Marquette is usually one of the most beautiful places on the planet. During the summer there's green everywhere you look. During fall that green changes to a palette of polychromatic majesty. And even a snowfall during winter can have an ethereal beauty of its own.

At least the first few snowfalls of the year have that ethereal beauty. After that, all bets are off.

However, there's one segment of the year during which Marquette is not at its best. In fact, you could even make the claim that during that particular segment, Marquette is downright ugly. That period of time?

March.

Don't believe me?



That's a picture I took yesterday, as the sun & 45 degree temperatures reduced our six foot snowbanks into five foot snowbanks. And it, I think, proves my point. All winter long city crews dump sand everywhere, just to make sure that vehicles can make it up the wicked hills of Marquette. That sand is covered up by snowfall, so we really don't notice it when it's around. However, when the snow starts to melt, the sand doesn't, meaning the city turns, for several weeks, into a pile of giant brown mush.

And you know what? There's no way a city can look good when it resembles a pile of giant brown mush.

Thankfully, that particular phase doesn't last too long. Soon (hopefully), the snow will entirely disappear, city crews can work their cleaning magic, and in a month or so green grass and the first flowers will make an appearance, propelling the city toward awesome beauty for which it is known.

But that's still a little bit away.
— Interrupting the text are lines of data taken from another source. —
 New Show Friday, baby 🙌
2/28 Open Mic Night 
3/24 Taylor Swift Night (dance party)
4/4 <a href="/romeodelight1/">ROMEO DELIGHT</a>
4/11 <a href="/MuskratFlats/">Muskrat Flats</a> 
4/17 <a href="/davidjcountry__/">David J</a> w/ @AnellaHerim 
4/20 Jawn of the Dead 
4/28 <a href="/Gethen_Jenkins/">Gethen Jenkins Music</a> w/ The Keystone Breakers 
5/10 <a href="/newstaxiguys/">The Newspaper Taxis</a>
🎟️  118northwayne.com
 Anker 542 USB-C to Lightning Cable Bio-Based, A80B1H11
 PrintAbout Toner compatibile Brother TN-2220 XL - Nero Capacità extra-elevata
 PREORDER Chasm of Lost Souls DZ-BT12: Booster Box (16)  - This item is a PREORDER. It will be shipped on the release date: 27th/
For the next few weeks, we'll just have to deal with the fact that Marquette is still in need of its yearly makeover.

And hopefully, after the winter we've had, that makeover comes sooner rather than later.

(jim@wmqt.com)

Wednesday, March 4, 2026

Wednesday, 3/4

Who knew a sign of its legacy would still be around, and still sitting in my bedroom, all these years later?

I've been reading a book about the history, development, and sales of candy in the U.S., and one of the things discussed in the book was Wacky Packages. Admittedly, Wacky Packages weren't a candy, but since they stuck sticks of bubble gum in the package, I guess that allowed it to qualify for inclusion in the book. For those of you who don't know Wacky Packs, a thousand or so years ago they were stickers satirizing products of the day (for instance, Crest Toothpaste was turned into Crust Toothpaste), something that appealed to those of us who were nine years old back then (as opposed to those of us who occasionally act like nine year olds now).
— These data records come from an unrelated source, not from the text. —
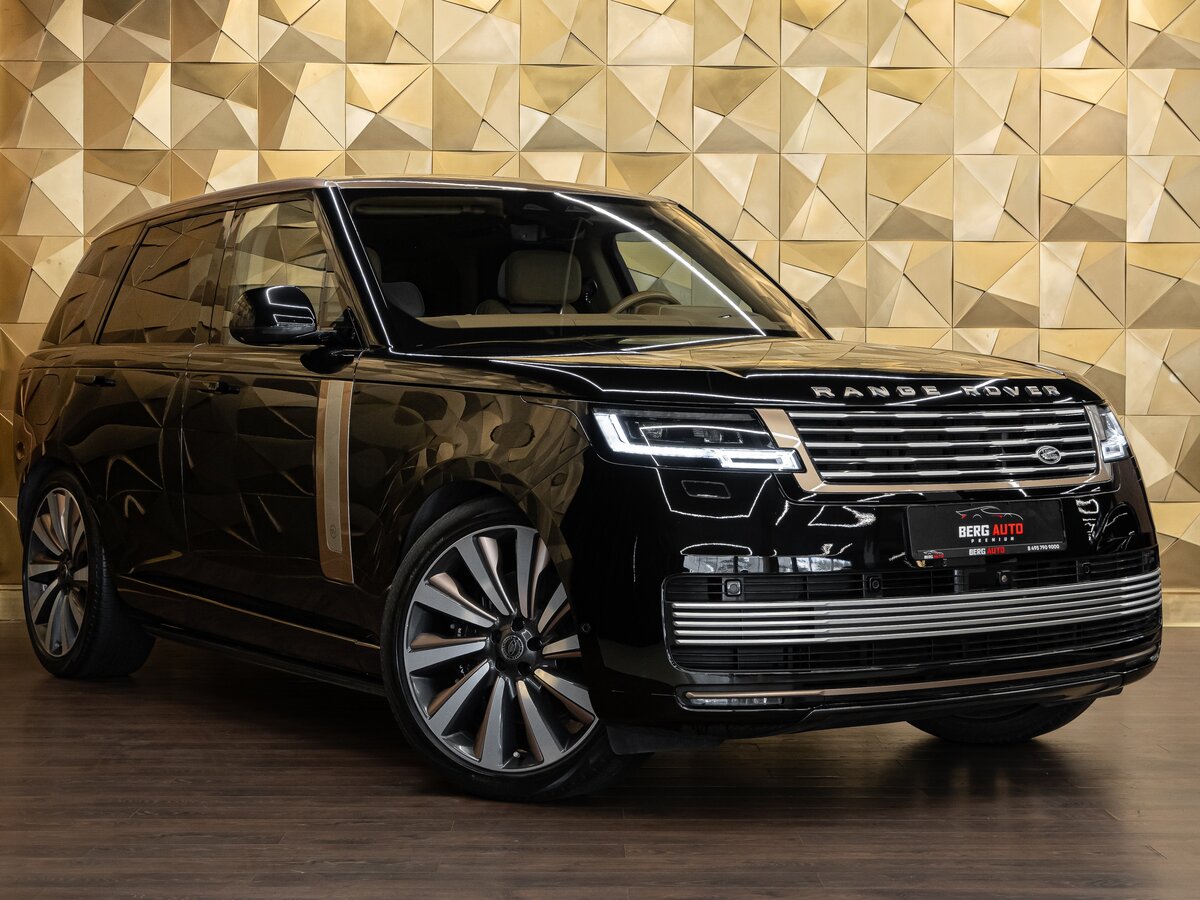 Открыть фотографии: Land Rover Range Rover V
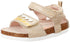 SPROX girls Velcro Strap Open Toe Sandal for Girls Flat Sandal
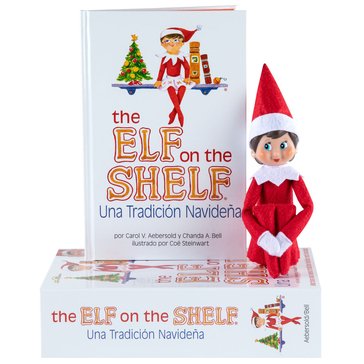 Elf on The Shelf Girl Spanish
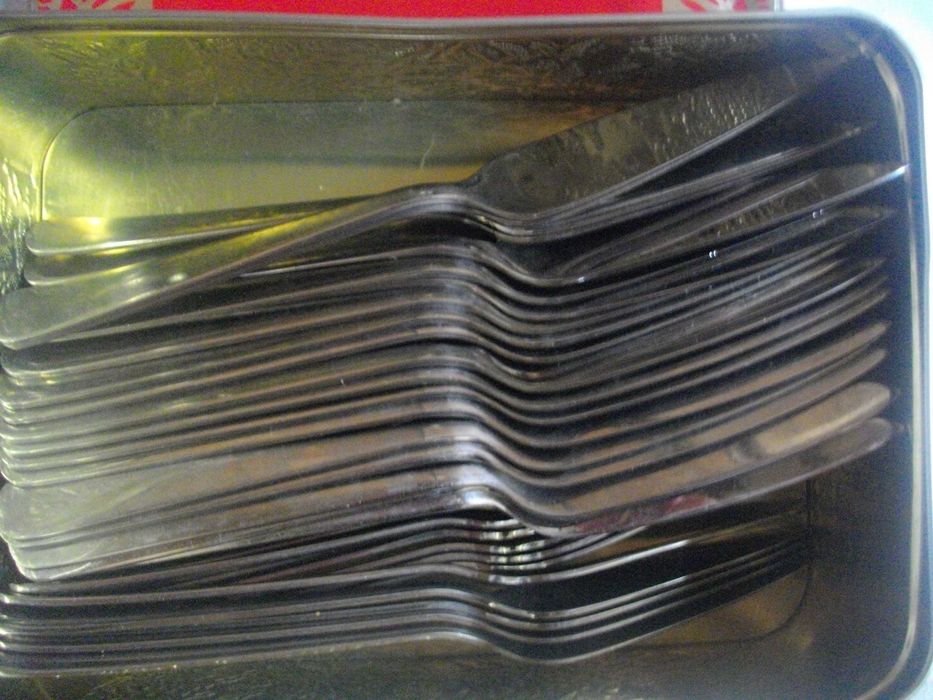 IKEA-Качествен Нож За Риба/К-т Ножове-55 бр-Неръждаема Стомана-220мм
Anyway, I had quite the collection of the stickers, so reading through the section of the book about Wacky Packages made me chuckle. I was reading in our bedroom, while Loraine was somewhere else in our apartment. I left the bedroom to show her the page, and in doing so walked past one of the dressers we use. I've had this particular dresser since I was a kid, and on the side of the dresser I passed while leaving the room there are several areas where the stain had been peeled off a long time ago. It wasn't until I walked passed the dresser carrying that book on candy that I realized WHY the stain was peeled off.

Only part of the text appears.